Jerusalem - Stätte zweier Frieden

Das Fremde gemeinsam erkunden – ein transkulturelles Schulprojekt zur Neuen Musik mit dem Klangforum Heidelberg e.V.

Die Aufgabe erscheint ungewöhnlich. Im Rahmen eines Seminars zur Didaktik der Neuen Musik soll von Studierenden der Pädagogischen Hochschule Heidelberg ein Musikunterricht konzipiert werden, der neben der Begegnung mit Werken des 20. und 21. Jahrhunderts auch Ansätze der interkulturellen Musikpädagogik einbindet. Der Reiz liegt in der Zusammenführung des Ungewohnten und in der überraschenden Beobachtung, dass das scheinbar Disparate sich mehr und mehr zu einem schlüssigen Entwurf fügt. Die Ausgangsidee eines Konzerts, mit dem das Klangforum Heidelberg die Stadt Jerusalem auf der einen Seite als Ort des kulturell-religiösen Konflikts und der Trauer, auf der anderen Seite aber zur Stätte eines himmlischen Friedens zeichnet, ist auch eine pädagogische Herausforderung. Im Seminar begegneten wir ihr mit der Strategie, das unbekannte in der Neuen Musik in einen produktiven Prozess einzubinden, in dem Lehrende und Lernende miteinander an einem musikalischen Produkt arbeiten.

Zwei Orte, zwei Strategien. Die Ausgangslage in Mannheim ist nicht ohne Brisanz: eine Projektwoche vor den Sommerferien in der Johannes-Kepler-Werkrealschule (K5). 18 Schülerinnen und Schüler – niemand ohne Migrationshintergrund aber alle mit großem Interesse an Musik. Trotzdem bleibt die Aufgabe schwer. Es geht um einen Unterricht, der vielen Jugendlichen die erste Begegnung mit zeitgenössischer Musik ermöglicht und gleichzeitig den Konflikt thematisiert, der für uns auch aus dem Anderssein resultiert und in Jerusalem und im Nahen Osten immer wieder gewaltsam ausbricht. Im Hochschulseminar ergibt sich eine spannende Verbindung der modalen Kompositionsweise bei Messiaen mit den Skalen und Liedern orientalischer Musik.

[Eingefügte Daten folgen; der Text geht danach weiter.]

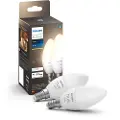 Philips Hue White E14 B39 Kertepære - 2-Pak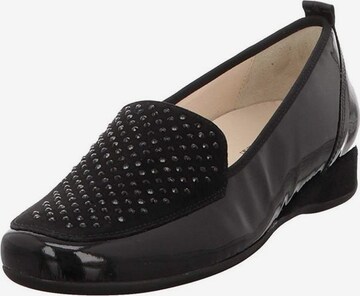 HASSIA Classic Flats in Black: front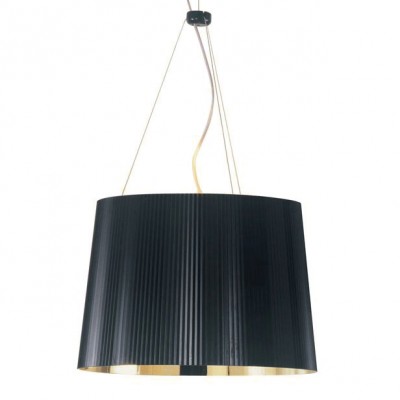 Kartell Suspension Lamps GE' Metal BLACK/GOLD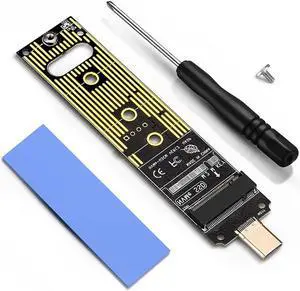 ELIATER M.2 NVME to Type C Adapter, M.2 SSD to USB C Card, High Performance 10 Gbps USB 3.1 Gen 2 Bridge Chip, Use as Portable SSD, Support for Samsung 950/960/970 Evo/Pro/Windows XP 7 8 10, MAC OS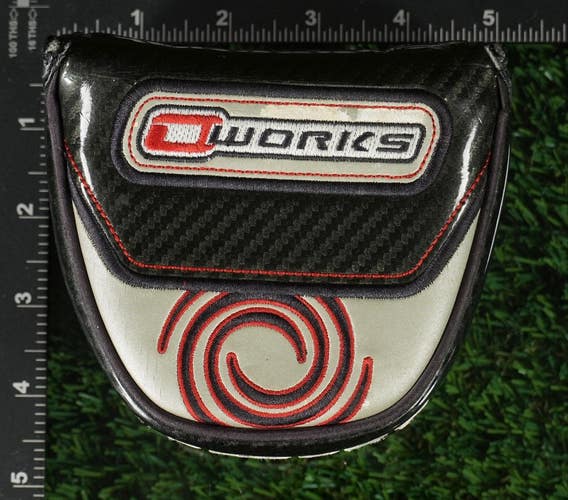 Odyssey Works Mallet Putter Headcover Black / White / Red ~ LH/RH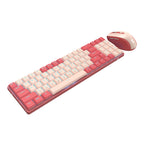Redragon BS8772 Wireless Keyboard and Mouse Combo - Red/Pink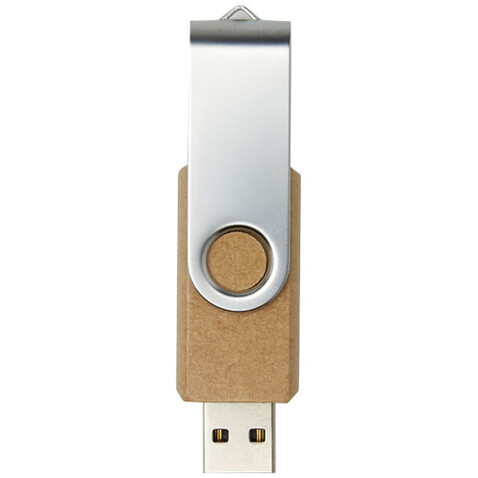 Rotate USB-Stick 3.0 aus recyceltem Papier, Kraftpapier, 16GB bedrucken, Art.-Nr. 1Z51106K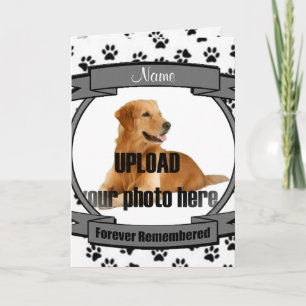 Anúncio personalizado do Pet Memorial
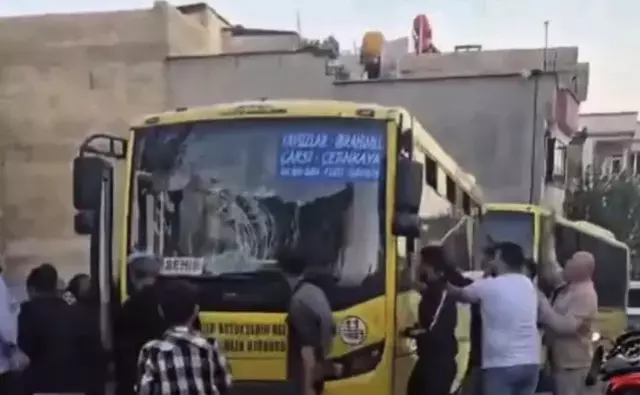Gaziantep'te Halk Otobüsü Şoförüne Saldırı!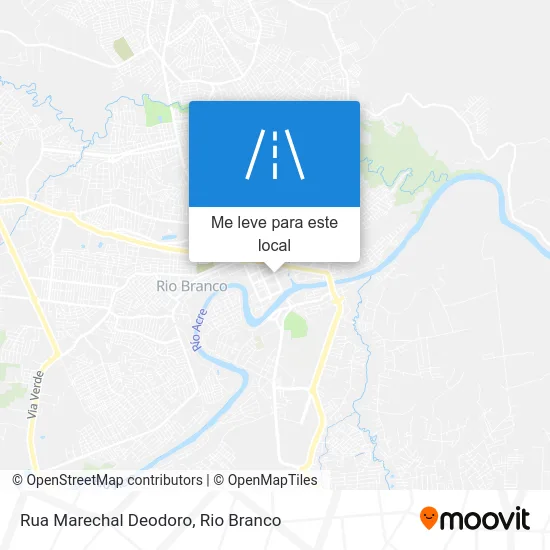Rua Marechal Deodoro mapa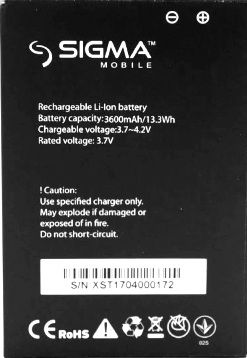 Sigma X-treme (PQ16) 3600mAh Li-ion оригінал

Diese Verbindung wird zur Basis eigener Kompositionsversuche der Schülerinnen und Schüler. Hilfe erhalten sie dabei von Ali Ungan (Orientalische Musikakademie Mannheim) und Sidney Corbett (Komponist an der Musikhochschule Mannheim). Es entsteht ein Stück, das von Schülern und Studenten gemeinsam entwickelt wird, das den Konflikt in Jerusalem zum Ausgangspunkt nimmt, dem Gestus der zeitgenössischen Musik nachspürt, Schulkeyboards genauso wie die türkische Saz einbindet und das präsentable Ergebnis einer arbeitsreichen Woche ist.

Anders die Situation Heidelberg. Die Johannes-Kepler-Realschule in Neuenheim ist weit davon entfernt, eine Brennpunktschule zu sein. Das Ziel ist hier die Gestaltung einer Soundperformance, die den Konflikt und seine emotionalen Wirkungen umsetzt. Nach der Entwicklung von Adjektivclustern schälen sich drei zentrale Begriffe heraus, die die Schülerinnen und Schüler bewegen: Trauer, Wut, Frieden. Auf den schuleigenen iPads haben sie die Aufgabe, dazu eine unkonventionelle Klangkollage zu erstellen. Dabei ist es nicht einfach, eine Klangsprache zu finden, die nicht dem musikalischen Mainstream entspricht. Hilfreich sind die Anregungen der Musiker des KlangForums Heidelberg. Hinzu kommt die Aula der Universität als Aufführungsraum, in dem die Klänge auf mehreren Ebenen miteinander korrespondieren können. Es ergeben sich Interaktionen, in denen die Bezüge klanglich und räumlich changieren. Gleichzeitig kann sich der Zuhörer beliebig im Raum bewegen und sich so eine eigene Deutung der Klänge konstruieren.

Bei der Planung und Durchführung der beschriebenen Projekte haben alle Beteiligten vielfältige und außerordentliche Erfahrungen gemacht. Besonders eindrücklich erscheint allerdings die Beobachtung, dass die Beschäftigung mit Neuer Musik für die Jugendlichen eine Beschäftigung mit etwas Fremden war. Und genau aus dieser gemeinsamen Begegnung mit dem Anderen entwickelte sich die – im besten Sinn des Wortes – transkulturelle Gestaltung des Eigenen.